Claire Sjaarda  Identity Verified
New Zealand
Local time: 08:04
Member (2014)
English to French
Nov 21, 2013

Hello there,

I have been approached by an ex-colleague who I used to work with a while back, before I became a translator. He now has his own business (not translation) and receives many translation requests and contacted me to ask whether I would be interested in being referred to providing I pay him a referral fee. I have arranged to meet him next week to discuss his proposal but in the meantime would like to find out about what is acceptable and whether this is something that is done in the translation world. How much should the referral fee be? Should it be a one off fee or a percentage of every project?

If you have any information on the subject I would be very grateful...

Many thanks,
Claire


 

ATIL KAYHAN  Identity Verified
Turkey
Local time: 23:04
Member (2007)
Turkish to English
+ ...
Referral Fee Nov 21, 2013

In my opinion, it is rather selfish of him to ask that you pay him a referral fee. I would not agree to pay him as an old friend of mine. Come on. This is what friends are for. Are you competing with somebody else that he knows as a translator? I would ask him that question. He is a businessman, and you are a businesswoman. You are equal on that respect. Since when people have been charging each other for referrals? Referring somebody is an easy business.

 

Sheila Wilson  Identity Verified
Spain
Local time: 21:04
Member (2007)
English
+ ...
What would you be paying for? Nov 21, 2013

It's an interesting question, and not one I know the answer to. But my personal view is that you can only pay for something that has tangible value to you. If this person is adding value to your freelance translation business by providing you with the majority of your clients, then I suppose you could pay something for the introductions. After all, you'll be able to spend less time/money on marketing. But I would be reluctant to enter into any sort of contractual agreement right from the start. Surely, if you're friends, he can do it for free a few times. If it becomes clear that you stand to make serious money from regular introductions, then that would be the time to start talking about fees.

Surely it could only ever be a one-time payment, a flat fee or a percentage of the value of the first translation, couldn't it? If he isn't a translator, how could he possibly add value to the process of translation? How could he become involved in every job, which he would have to be to know how much money he was owed? He would end up becoming an unwanted overhead - costing more in time and effort than the business was worth. If the client has to send him the work, for him to send to you, then you can forget about any urgent jobs! And regular monthly payments wouldn't work - why pay him when you're working for clients he's never met?

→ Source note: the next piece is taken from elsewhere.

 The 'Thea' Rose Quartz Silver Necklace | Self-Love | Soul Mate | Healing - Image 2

I should also remind him that if he's going to be getting a share in the profits, he also has to accept a share of any losses. If any of "his" clients fail to pay, then that should be his problem, too.

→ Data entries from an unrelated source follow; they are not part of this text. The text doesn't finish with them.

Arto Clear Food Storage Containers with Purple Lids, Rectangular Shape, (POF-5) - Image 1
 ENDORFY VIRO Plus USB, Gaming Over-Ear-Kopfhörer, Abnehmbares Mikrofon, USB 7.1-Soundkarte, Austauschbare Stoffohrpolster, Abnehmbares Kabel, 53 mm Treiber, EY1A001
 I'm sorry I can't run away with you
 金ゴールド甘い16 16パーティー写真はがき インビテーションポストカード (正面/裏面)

It'll be interesting to hear what others have to say. And it'll be interesting to hear how the discussions with this person go, Claire. Do keep us informed.


 

Preston Decker  Identity Verified
United States
Local time: 16:04
Chinese to English
Re: Nov 21, 2013

Sounds like he's more of an acquaintance than friend? For a friend I would provide referrals for free, but if you're not as close I don't think there's anything wrong with him wanting to make some money off the arrangement.

If I were him I wouldn't take a flat introduction fee, but rather would work as an 'agent' for you, taking a percentage off each project. Assuming that the clients are satisfied with your work, he could do pretty well long term with this arrangement.

So, if the clients are good and will have steady work, I'd aim for the opposite, a flat introduction fee. If you think clients are only going to provide occasional work, then a percentage off each project would probably work best for both of you (since he's not adding anything to the process, I think .005 per word for him would be a great deal for you, and .01 would be acceptable, or you could just tell him your standard rate, and let him take anything above that)

One question for him, and one for you. For him, you need to find out how large the clients' translation needs are. For you, are you a good enough translator to keep the clients at your rates?

If the clients will give a lot of translations, and if he is willing to offer some sort of guarantee (aka installment payments for each of the first 5 projects you receive), AND if you're confident you can translate the material well and keep the clients as long term clients, then I can see paying in the hundreds of dollars for a good contact. If he gives you a client that will pay you 2-3 thousand dollars a year for the next 5 years, 300 dollars is a pretty good investment. Perhaps you could first pay him for one client at a reduced price, see how things go, and if well, pay for more?

Another way to think about this is to compare the potential of the clients he introduces with other possible uses for the money. A membership to Proz costs 120 (?) for a year. Would you be better off spending your money on these introductions, or on memberships, training, etc.? I seem to remember reading on Corinne McCay's blog a recommendation that translators should spend at least 5% of annual translation income on developing their business, and this seems like a reasonable number to me.

Obviously there's risk involved the higher the payment goes, and a lot of this will depend on your own finances. Finally, be very careful about any pledges or statements you make in writing, just in case there is a disagreement in the future.

[Edited at 2013-11-21 16:06 GMT]

[Edited at 2013-11-21 16:08 GMT]


 

Philippe Etienne  Identity Verified
Spain
Local time: 22:04
Member
English to French
Weird request Nov 21, 2013

Claire Sjaarda wrote:
...Should it be a one off fee or a percentage of every project?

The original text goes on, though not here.